永田町も然(しか)り。「国権の最高機関」の長である「衆院議長」とか「参院議長」に推されたり、自民党で「副総裁」にいかがかとお声が掛かったりすると、「いよいよ潮時か」という気持ちになるらしい。俗に言う「棚上げ」である。保守合同(1955年)後、衆院議長から副総裁に天下ったのは船田中しかいない。「三木降ろし」で返り血を浴びながら、その後、衆院議長になった保利茂は、親しかった元時事通信政治部長を秘書にし「店仕舞いを手伝ってください」と頼んでいる。

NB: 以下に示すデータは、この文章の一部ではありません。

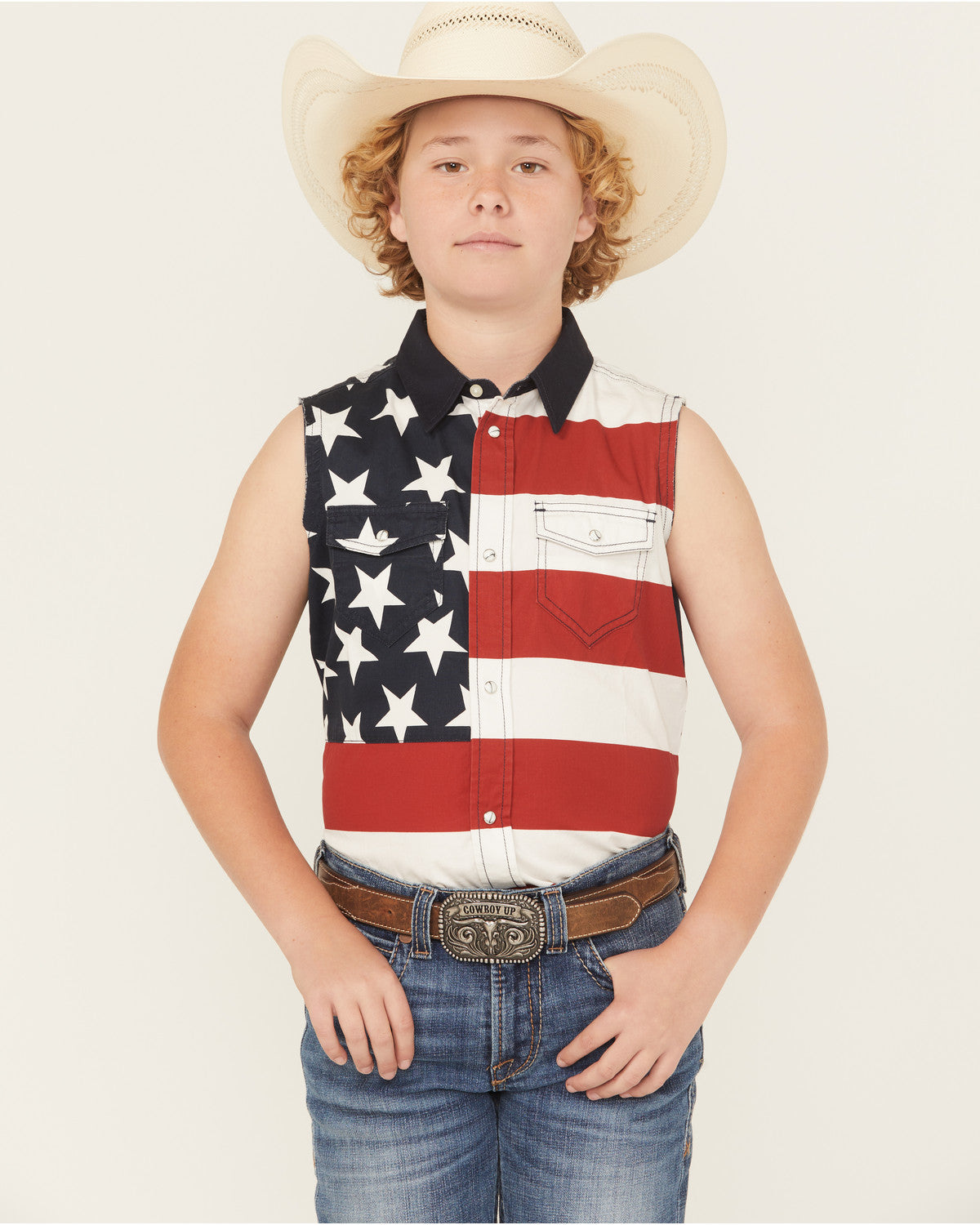 Boys' 2nd Amendment Bubba Sleeveless Snap Western Shirt Red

7年8カ月の超・長期政権を担った佐藤栄作は、後継を同じ官僚出身で気心の知れた福田赳夫にしたかった。「院政を敷く」という思惑もあったのだろう。難問があった。めきめきと頭角を現してきた福田赳夫のライバル田中角栄の後ろ盾になっている副総裁・川島正次郎の力を削(そ)ぐ必要があった。
宰相・佐藤栄作が切り出す。狐(きつね)と狸(たぬき)の化かし合いである。「そろそろ衆院議長にどうかな」。洒脱(しゃだつ)な江戸っ子・川島正次郎は「道中師」と呼ばれる抜け目のなさを噯気(おくび)にも見せず応じた。「わたしゃ副総裁のままで結構ですよ」。この瞬間、ポスト佐藤は、事実上、「田中角栄」に決まったのである。
時は流れる。「直角内閣」と揶揄(やゆ)された中曽根康弘政権で幹事長、副総裁を務めた二階堂進が血迷ったように宰相へ焔(ほのお)を燃やした。中曽根康弘に憎悪を抱く鈴木善幸や公明・民社党がけしかけた。「二階堂擁立劇」である。
中曽根康弘は刃向かった二階堂進を切り捨て御しやすい竹下登・金丸信という駿馬に乗り換えるチャンスとみた。突如として「二階堂議長」構想が浮上する。議長に棚上げし生臭い世界から追放しようというのである。これが二階堂の怒りに油を注ぎ、田中派の崩壊・竹下登のクーデターに繋(つな)がっていくのである。
この7月に行われた参院選の直後に萩生田光一(自民党幹事長代行)が、憲法改正論議が滞っている事態を打開するために、現職の衆院議長・大島理森の交代論に言及した。「有力な方を議長に置いて、憲法改正シフトを国会が行っていくことは極めて大事だ」と語ったのである。
衆院議長の交代は、慣例で衆院選の後に行われる。それを参院選の直後に持ち出したのだから「筋違いも甚だしい」と非難を浴びたのである。だが、国政の大本である憲法改正を、ろくに議論しないまま放置して良かろうはずがない。憲法改正を是とするか否かを別にしても議長は議論を促す責務がある。議論を尽くした上で国会としてYESかNOかという結論を導き出す。それが筋である。
ロッキード事件で国会が空転した時、時の衆院議長・前尾繁三郎は、参院議長・河野謙三と話し合い「両院議長裁定」を下し、国会を正常化した。与野党が伯仲した福田赳夫政権下で野党が予算案の修正を求めて混乱した時、衆院議長・保利茂はさっさと「予算案の修正」を纏(まと)めた。慌てた宰相が史上初めて予算修正を認めて事なきを得た。保利茂の指示で駆け回った衆院議院運営委員長・金丸信は「議長はオールマイティーなんだよ」と嘯(うそぶ)いた。
萩生田発言には幹事長・二階俊博が烈火の如(ごと)く怒った。この宰相の右腕の発言に、「二階俊博」を政党助成金の配分と選挙の公認権を一手に握る幹事長ポストから外して衆院議長に「棚上げ」するという不穏なにおいを嗅ぎ取ったからだろう。騒ぎは、一応、収まったようにみえるが、実は、大火になる可能性を孕(はら)みながら燻(くすぶ)り続けている。